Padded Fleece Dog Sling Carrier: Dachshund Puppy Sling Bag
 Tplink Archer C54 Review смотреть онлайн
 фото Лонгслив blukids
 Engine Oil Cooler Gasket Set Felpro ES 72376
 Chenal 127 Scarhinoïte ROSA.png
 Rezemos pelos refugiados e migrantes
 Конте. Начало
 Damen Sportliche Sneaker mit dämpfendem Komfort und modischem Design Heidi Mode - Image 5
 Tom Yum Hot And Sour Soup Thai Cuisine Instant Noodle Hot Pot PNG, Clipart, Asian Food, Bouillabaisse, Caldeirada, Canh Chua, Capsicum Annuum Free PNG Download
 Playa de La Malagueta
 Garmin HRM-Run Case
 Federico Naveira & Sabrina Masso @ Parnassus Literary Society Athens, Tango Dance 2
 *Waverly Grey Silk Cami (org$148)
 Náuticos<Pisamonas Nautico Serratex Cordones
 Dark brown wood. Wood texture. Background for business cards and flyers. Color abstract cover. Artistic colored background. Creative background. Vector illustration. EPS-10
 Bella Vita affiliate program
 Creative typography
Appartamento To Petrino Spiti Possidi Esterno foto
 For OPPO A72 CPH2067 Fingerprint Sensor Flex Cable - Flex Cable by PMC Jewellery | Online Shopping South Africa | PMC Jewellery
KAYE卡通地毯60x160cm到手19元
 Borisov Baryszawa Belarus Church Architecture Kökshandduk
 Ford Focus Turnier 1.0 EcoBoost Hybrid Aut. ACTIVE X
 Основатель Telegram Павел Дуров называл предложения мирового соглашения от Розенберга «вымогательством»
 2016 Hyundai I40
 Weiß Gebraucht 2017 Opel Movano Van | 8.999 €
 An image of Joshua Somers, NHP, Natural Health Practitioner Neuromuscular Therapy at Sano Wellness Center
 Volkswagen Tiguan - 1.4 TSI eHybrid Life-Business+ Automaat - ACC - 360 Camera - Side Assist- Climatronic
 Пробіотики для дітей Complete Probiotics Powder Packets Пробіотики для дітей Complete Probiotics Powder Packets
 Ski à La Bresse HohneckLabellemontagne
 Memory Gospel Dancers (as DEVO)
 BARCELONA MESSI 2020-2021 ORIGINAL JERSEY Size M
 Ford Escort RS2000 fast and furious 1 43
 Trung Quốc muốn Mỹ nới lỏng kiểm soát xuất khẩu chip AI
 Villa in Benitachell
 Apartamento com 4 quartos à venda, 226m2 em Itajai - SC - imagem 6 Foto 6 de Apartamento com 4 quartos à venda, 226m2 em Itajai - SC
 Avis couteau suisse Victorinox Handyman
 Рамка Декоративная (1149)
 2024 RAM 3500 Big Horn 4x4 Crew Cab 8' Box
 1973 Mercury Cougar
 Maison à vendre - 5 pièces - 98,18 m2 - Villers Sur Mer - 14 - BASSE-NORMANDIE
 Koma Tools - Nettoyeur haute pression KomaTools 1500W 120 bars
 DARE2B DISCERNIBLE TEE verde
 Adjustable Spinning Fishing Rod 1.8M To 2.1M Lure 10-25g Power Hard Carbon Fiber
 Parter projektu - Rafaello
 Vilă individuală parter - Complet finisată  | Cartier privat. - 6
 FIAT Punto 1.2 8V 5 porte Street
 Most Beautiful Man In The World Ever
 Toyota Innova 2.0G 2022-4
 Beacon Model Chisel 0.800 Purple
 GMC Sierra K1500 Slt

□ □ □ □ □ □ □

**Assignment:**
Go through the listing above and repeat all of it exactly.

**Final answer:**
Padded Fleece Dog Sling Carrier: Dachshund Puppy Sling Bag
 Tplink Archer C54 Review смотреть онлайн
 фото Лонгслив blukids
 Engine Oil Cooler Gasket Set Felpro ES 72376
 Chenal 127 Scarhinoïte ROSA.png
 Rezemos pelos refugiados e migrantes
 Конте. Начало
 Damen Sportliche Sneaker mit dämpfendem Komfort und modischem Design Heidi Mode - Image 5
 Tom Yum Hot And Sour Soup Thai Cuisine Instant Noodle Hot Pot PNG, Clipart, Asian Food, Bouillabaisse, Caldeirada, Canh Chua, Capsicum Annuum Free PNG Download
 Playa de La Malagueta
 Garmin HRM-Run Case
 Federico Naveira & Sabrina Masso @ Parnassus Literary Society Athens, Tango Dance 2
 *Waverly Grey Silk Cami (org$148)
 Náuticos<Pisamonas Nautico Serratex Cordones
 Dark brown wood. Wood texture. Background for business cards and flyers. Color abstract cover. Artistic colored background. Creative background. Vector illustration. EPS-10
 Bella Vita affiliate program
 Creative typography
Appartamento To Petrino Spiti Possidi Esterno foto
 For OPPO A72 CPH2067 Fingerprint Sensor Flex Cable - Flex Cable by PMC Jewellery | Online Shopping South Africa | PMC Jewellery
KAYE卡通地毯60x160cm到手19元
 Borisov Baryszawa Belarus Church Architecture Kökshandduk
 Ford Focus Turnier 1.0 EcoBoost Hybrid Aut. ACTIVE X
 Основатель Telegram Павел Дуров называл предложения мирового соглашения от Розенберга «вымогательством»
 2016 Hyundai I40
 Weiß Gebraucht 2017 Opel Movano Van | 8.999 €
 An image of Joshua Somers, NHP, Natural Health Practitioner Neuromuscular Therapy at Sano Wellness Center
 Volkswagen Tiguan - 1.4 TSI eHybrid Life-Business+ Automaat - ACC - 360 Camera - Side Assist- Climatronic
 Пробіотики для дітей Complete Probiotics Powder Packets Пробіотики для дітей Complete Probiotics Powder Packets
 Ski à La Bresse HohneckLabellemontagne
 Memory Gospel Dancers (as DEVO)
 BARCELONA MESSI 2020-2021 ORIGINAL JERSEY Size M
 Ford Escort RS2000 fast and furious 1 43
 Trung Quốc muốn Mỹ nới lỏng kiểm soát xuất khẩu chip AI
 Villa in Benitachell
 Apartamento com 4 quartos à venda, 226m2 em Itajai - SC - imagem 6 Foto 6 de Apartamento com 4 quartos à venda, 226m2 em Itajai - SC
 Avis couteau suisse Victorinox Handyman
 Рамка Декоративная (1149)
 2024 RAM 3500 Big Horn 4x4 Crew Cab 8' Box
 1973 Mercury Cougar
 Maison à vendre - 5 pièces - 98,18 m2 - Villers Sur Mer - 14 - BASSE-NORMANDIE
 Koma Tools - Nettoyeur haute pression KomaTools 1500W 120 bars
 DARE2B DISCERNIBLE TEE verde
 Adjustable Spinning Fishing Rod 1.8M To 2.1M Lure 10-25g Power Hard Carbon Fiber
 Parter projektu - Rafaello
 Vilă individuală parter - Complet finisată  | Cartier privat. - 6
 FIAT Punto 1.2 8V 5 porte Street
 Most Beautiful Man In The World Ever
 Toyota Innova 2.0G 2022-4
 Beacon Model Chisel 0.800 Purple
 GMC Sierra K1500 Slt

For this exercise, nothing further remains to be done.